===== DATA SHOWN =====
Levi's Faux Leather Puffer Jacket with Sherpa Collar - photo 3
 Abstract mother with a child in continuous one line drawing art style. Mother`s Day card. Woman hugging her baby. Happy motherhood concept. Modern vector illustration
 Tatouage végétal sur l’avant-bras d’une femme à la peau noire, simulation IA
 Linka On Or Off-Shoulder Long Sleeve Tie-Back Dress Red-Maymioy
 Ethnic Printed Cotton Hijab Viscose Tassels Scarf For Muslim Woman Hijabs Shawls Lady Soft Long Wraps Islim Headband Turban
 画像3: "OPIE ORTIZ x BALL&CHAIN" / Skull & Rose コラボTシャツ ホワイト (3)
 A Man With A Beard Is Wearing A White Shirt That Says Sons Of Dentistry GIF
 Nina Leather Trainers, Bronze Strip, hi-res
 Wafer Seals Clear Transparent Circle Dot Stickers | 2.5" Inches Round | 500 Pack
=====
> [EXERCISE DETAILS] If a line in the entries holds the string "Leather", copy it.

> [ANSWER BOX]
Levi's Faux Leather Puffer Jacket with Sherpa Collar - photo 3
 Nina Leather Trainers, Bronze Strip, hi-res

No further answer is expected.